Sí, amables lectores, han caído cuatro gotas y ya veo, desde mi ventana, cómo los niños que entran en el colegio que tengo enfrente, llevan puestos sus chubasqueros, sus botas de agua, y portan su preciosa cartera protegida por una funda de plástico. No les falta un detalle, ni uno, lo que no tengo tan claro es que los deberes y las lecciones que deberían haber hecho y estudiado para hoy estén tan perfectos como sus vestimentas.

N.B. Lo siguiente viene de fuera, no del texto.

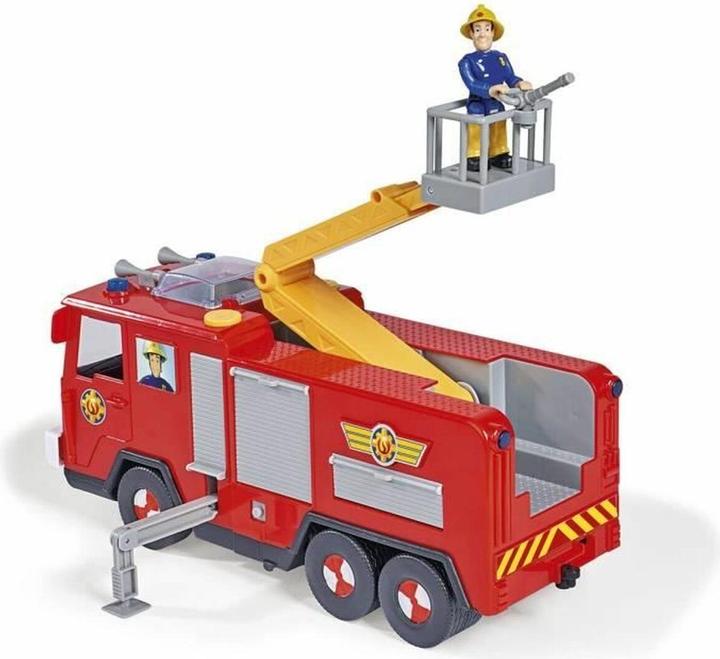 Actual product image Simba Fireman Sam Jupiter Wosu Sam and Radar Dogs Fireman Figure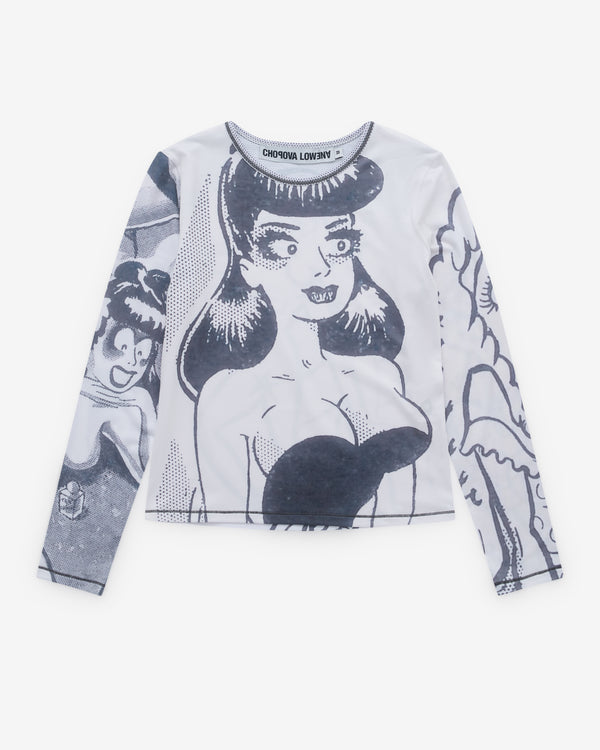 Chopova Lowena - Women’s Newsprint Jersey Top - (Multi)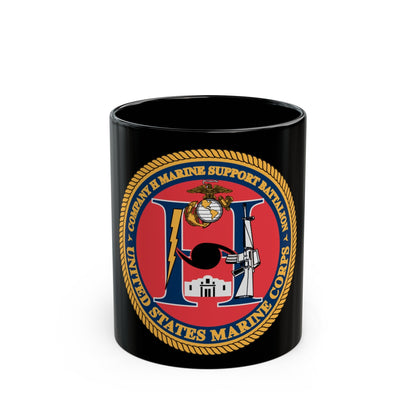 COMPANY H MARINE (USMC) Black Coffee Mug-11oz-The Sticker Space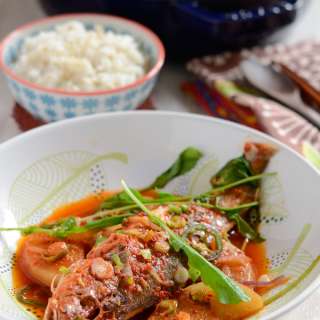 Spicy Yellow Croaker Fish Stew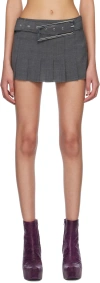 16arlington Nimue Pleated Mini Skirt In Grey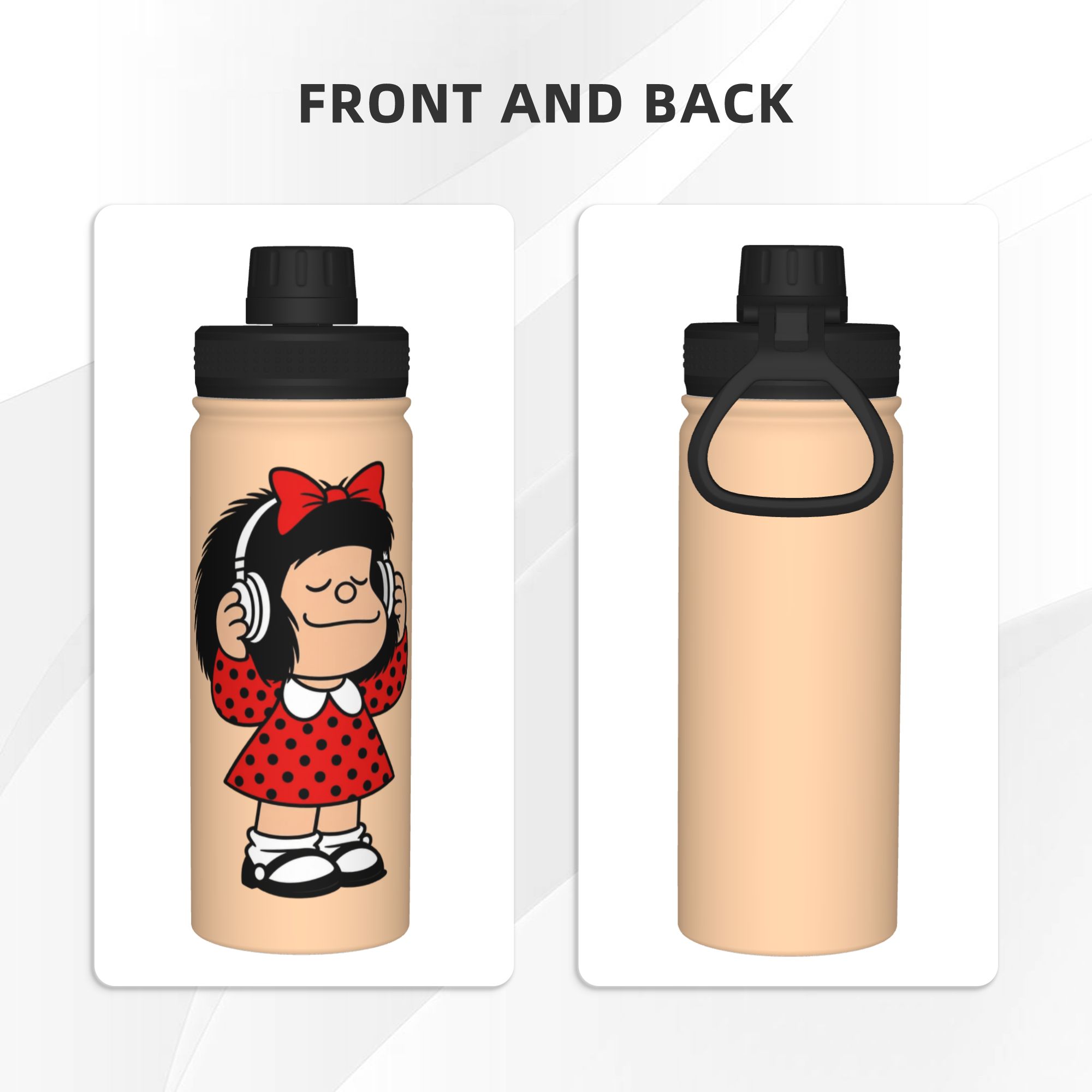 Cartoon M-Mafaldas 18OZ Sporto – Sports Water Bottle Insulated recenzja i cena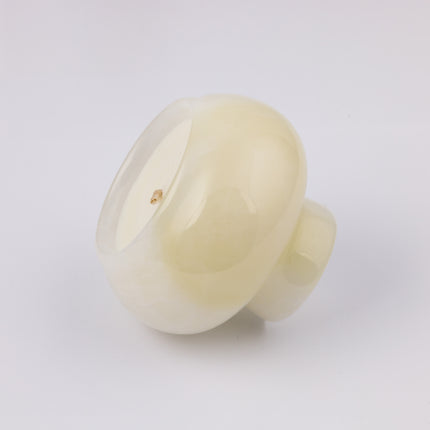 Alabaster White Onyx Mushroom Candle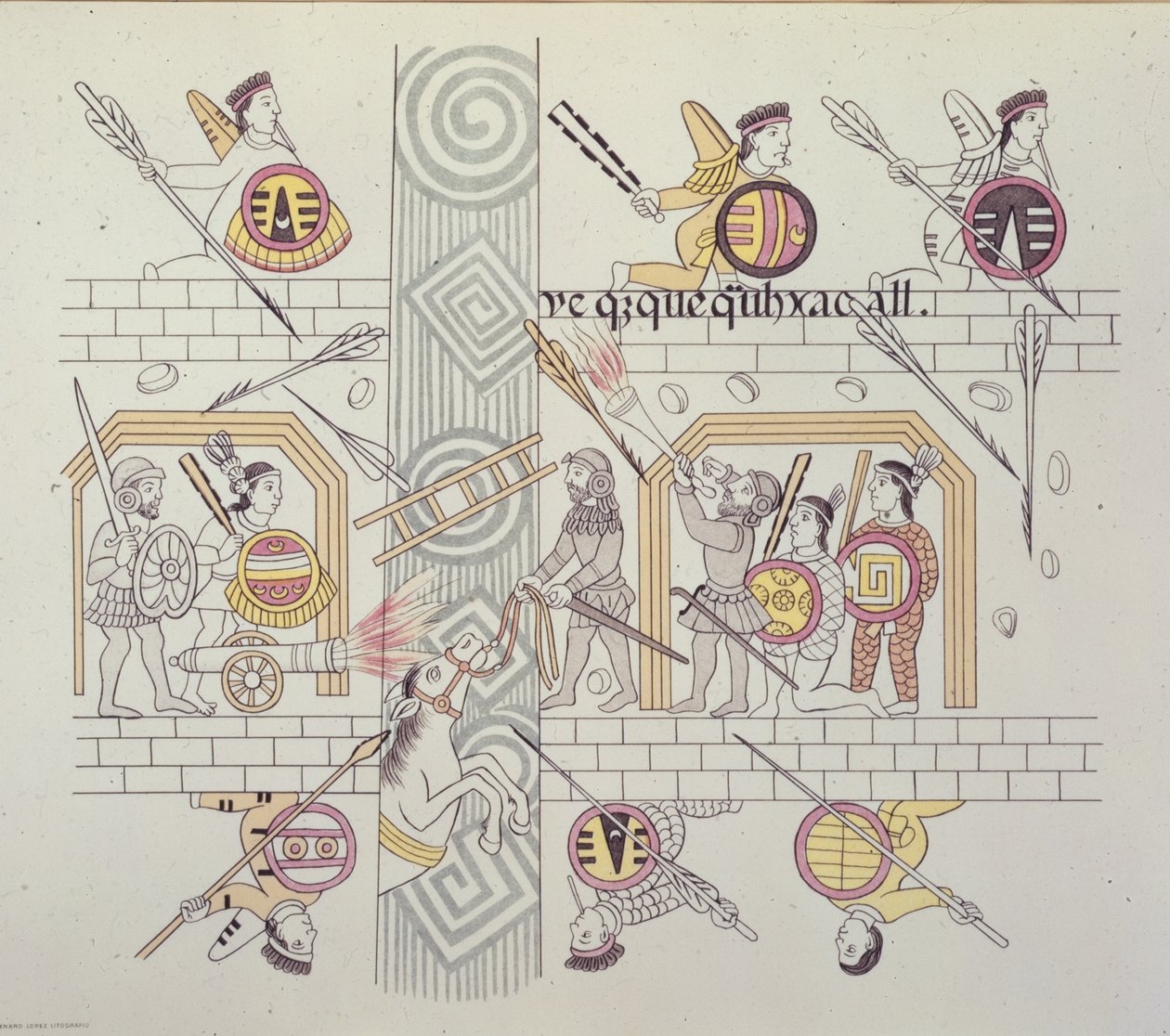Españoles y aztecas, de 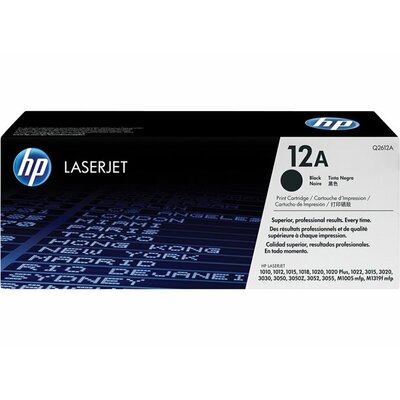 Q2612A Lézertoner LaserJet 1010, 1015, 1018 nyomtatókhoz, HP fekete, 2k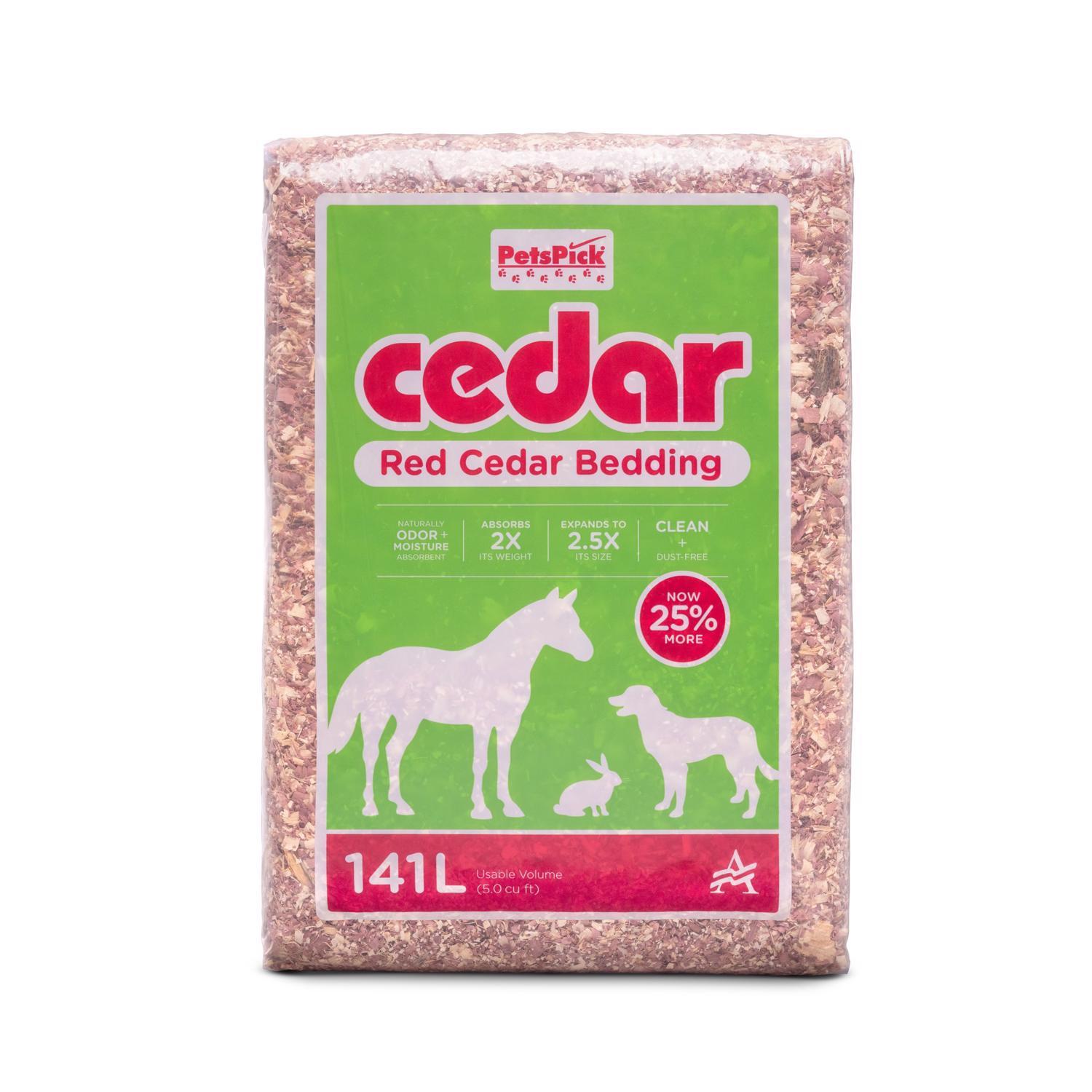 PetsPick Cedar 5 cu ft Cedar Wood Animal Bedding Mfr 2.0P5PK Ace Hardware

No me digan que soy una anciana muy quisquillosa. Todo es debido a que recuerdo a mi difunta madre que se sentaba con mis hermanos y conmigo en aquella enorme mesa, cuando terminábamos de merendar y no nos dejaba movernos hasta que le recitábamos las lecciones como papagayos. Yo no he sido tan perfecta con mi chiquillería, pero les hacía cumplir unas normas, por ejemplo: que bajaban a jugar sólo los sábados y los domingos si, previamente, habían terminado los deberes que deberían entregar los lunes. Yo les aseguro que protestaban, pero sabían que perdían el tiempo. Y hoy no dejan de recordarme lo madrastrona que era. Ya ven, con la carita de buena que tengo.

Alguna vez pienso si no me excedí en mis normas. Mejor es no pensarlo. No me han demandado y eso es un punto a mi favor.

Creo que los pantanos se están llenando de nuevo, y demasiado deprisa. «No tenemos término medio o nos morimos de sed o nos ahogamos» decía una señora hace un rato en el mercado y no le contesté, pero pensé: «Señor, Señor, de todo nos quejamos; si llueven cuatro gotas, decimos: Nos vamos a ahogar».

Lo cierto es que, a veces, nos quejamos de vicio, sólo a veces. Hasta la próxima semana.